BRIEF: Nothing in the data should change when you return it, but leave the pictures out.

RECORDS FOR PROCESSING:
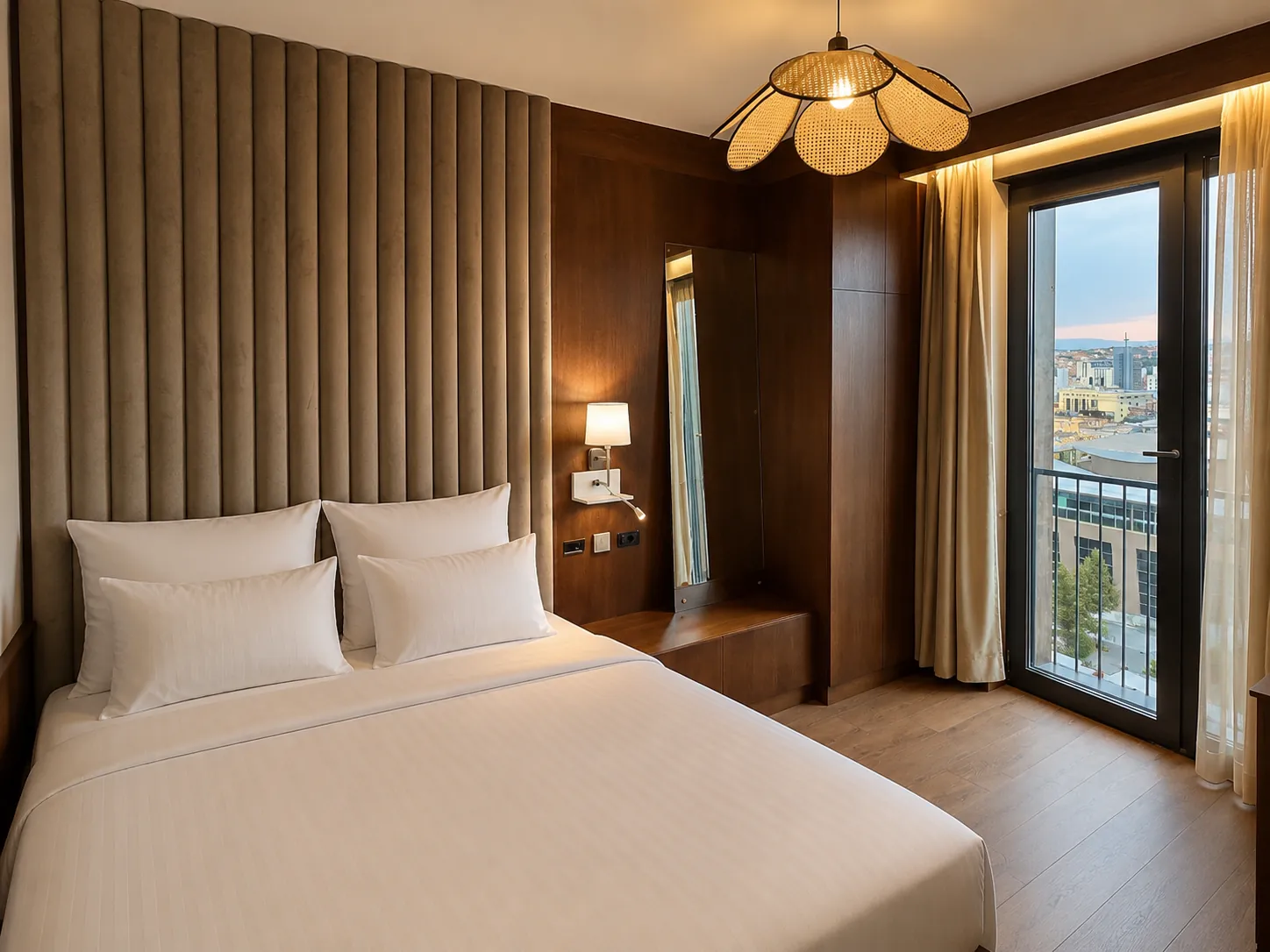 Deluxe King room with balcony and city view at Lusso boutique hotel, Prishtina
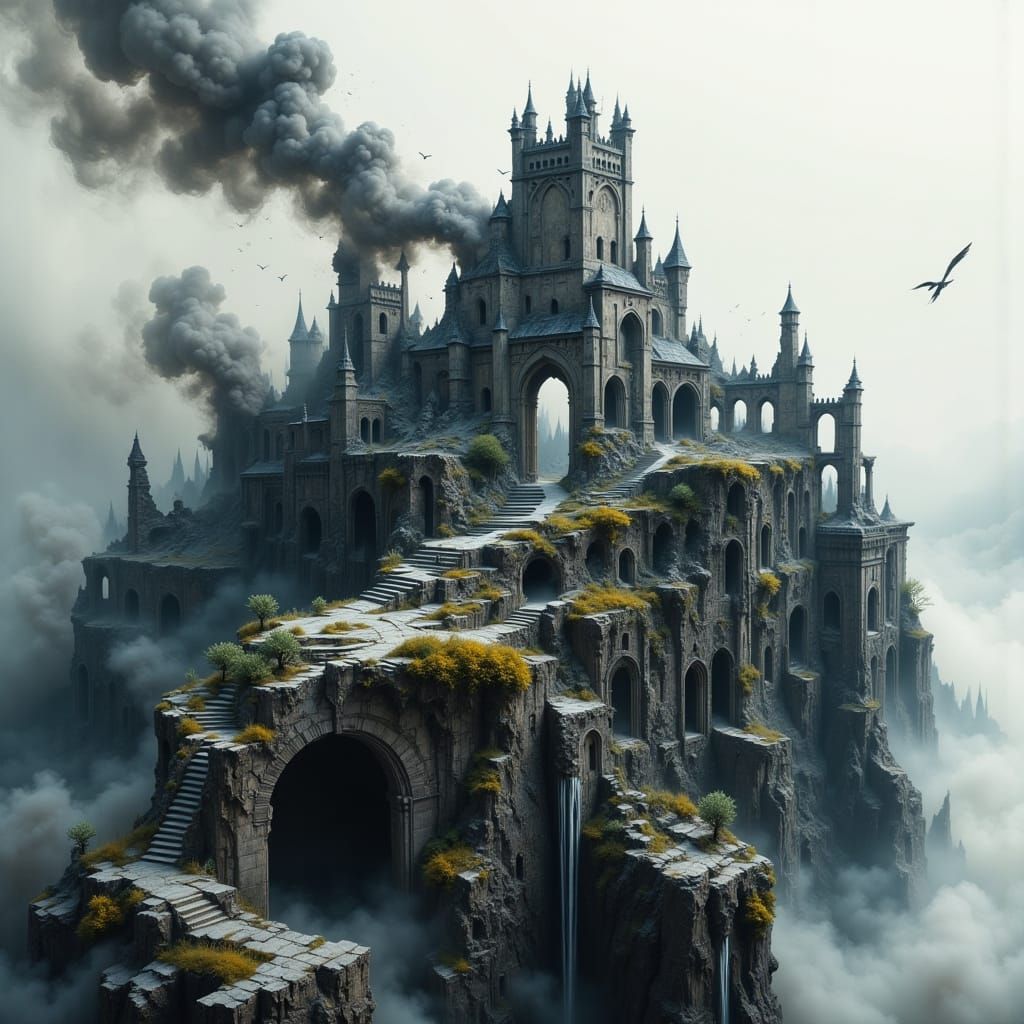 Ruined Castle Morphing from Smoke on Cliffs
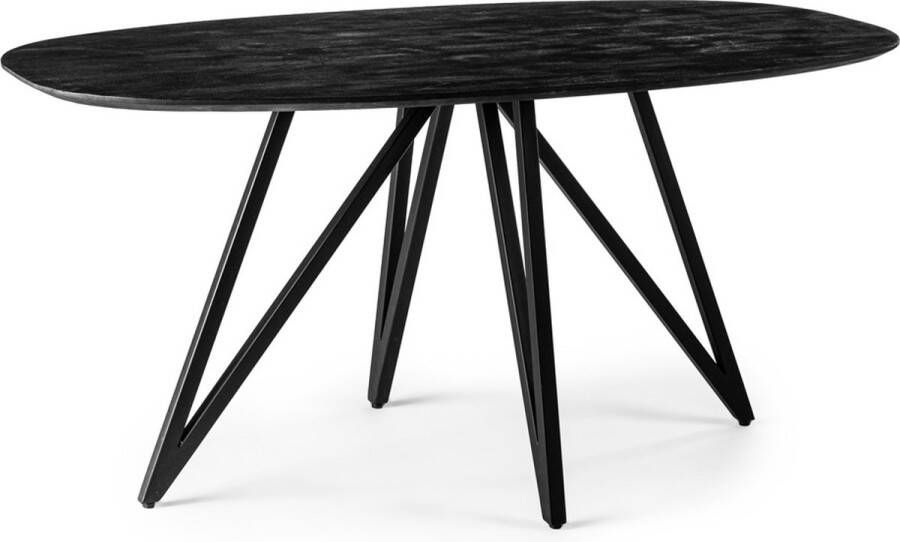 Giga Meubel Eettafel Ovaal 160cm Zwart Acaciahout 4-6 Personen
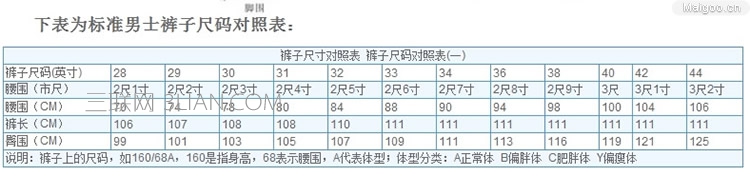 男士裤子尺码对照表  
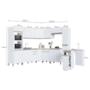 Cozinha Modulada de Canto Dinamarca 11 Peças com Torre Quente 2 Fornos e Bancada Branco - Indékes
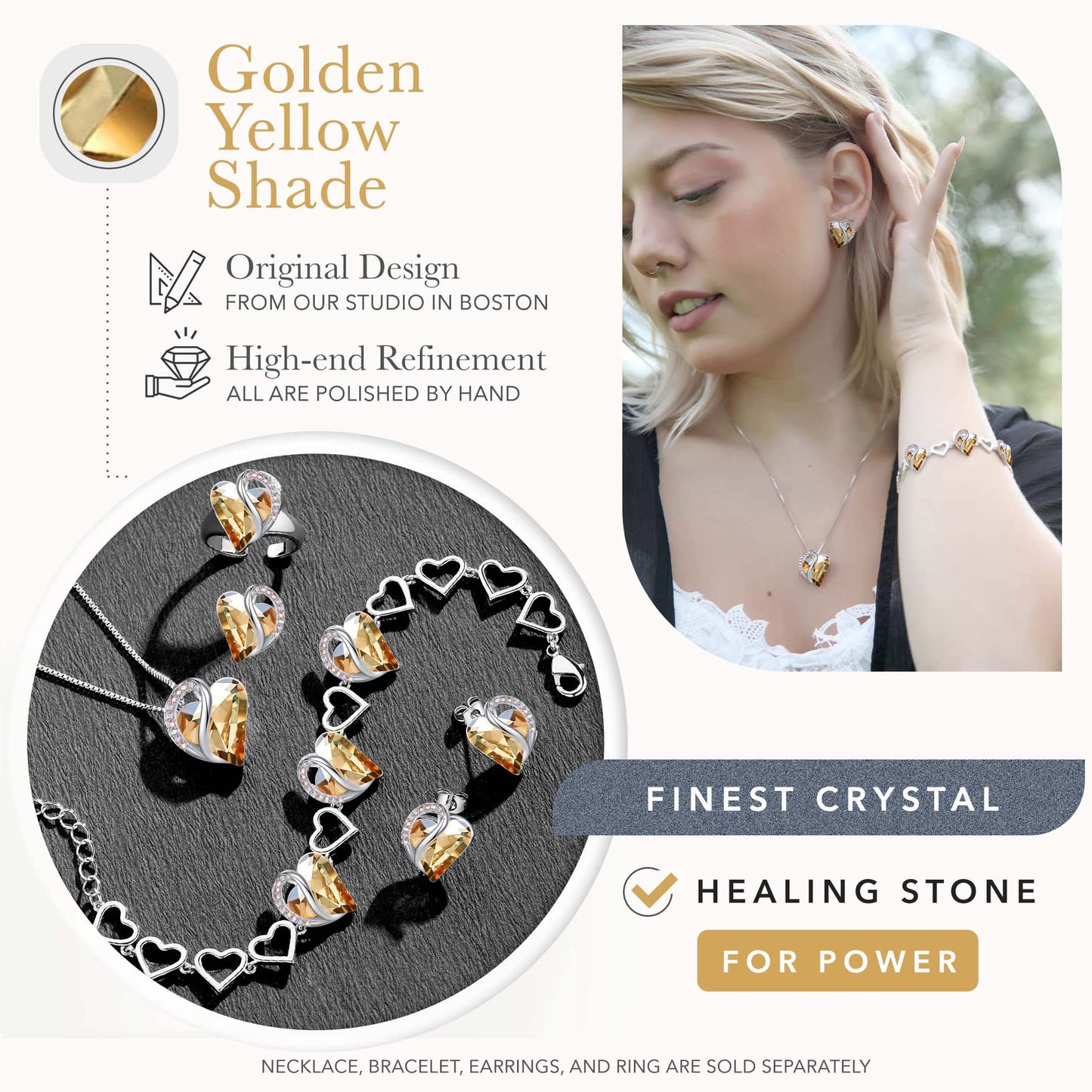 Leafael Infinity Love Heart Gift Bracelet for Women, November Birthstone Crystal, Yellow Shade, Silver Tone, 7-inch Chain and 2-inch Extender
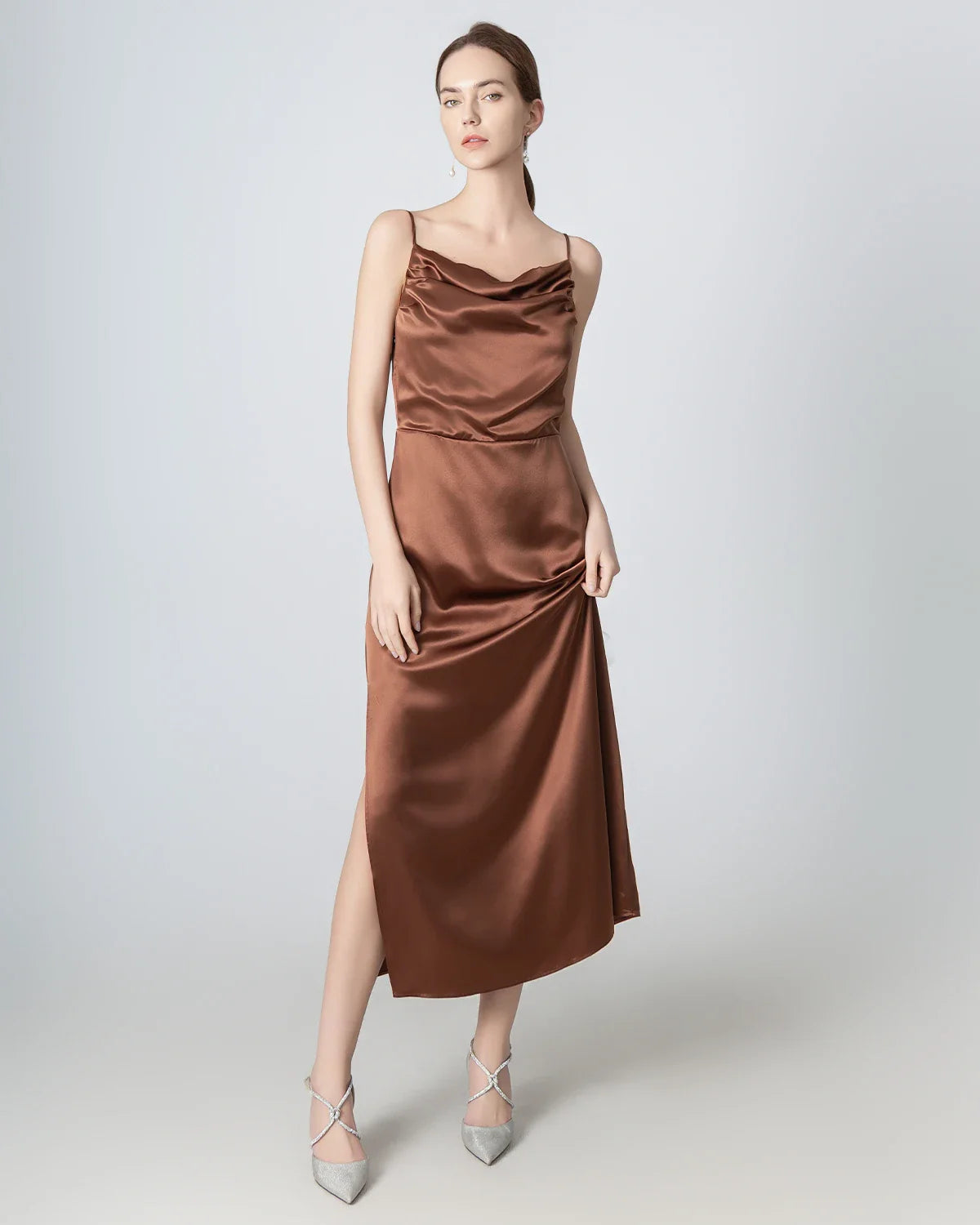 Pleated Cowl Neck Slit Maxi Silk Dress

SOLUTION TO THIS TASK:
 Deluxe King room with balcony and city view at Lusso boutique hotel, Prishtina
 Ruined Castle Morphing from Smoke on Cliffs
 Giga Meubel Eettafel Ovaal 160cm Zwart Acaciahout 4-6 Personen
 男士裤子尺码对照表  
 Cozinha Modulada de Canto Dinamarca 11 Peças com Torre Quente 2 Fornos e Bancada Branco - Indékes
 Leafael Infinity Love Heart Gift Bracelet for Women, November Birthstone Crystal, Yellow Shade, Silver Tone, 7-inch Chain and 2-inch Extender
 Pleated Cowl Neck Slit Maxi Silk Dress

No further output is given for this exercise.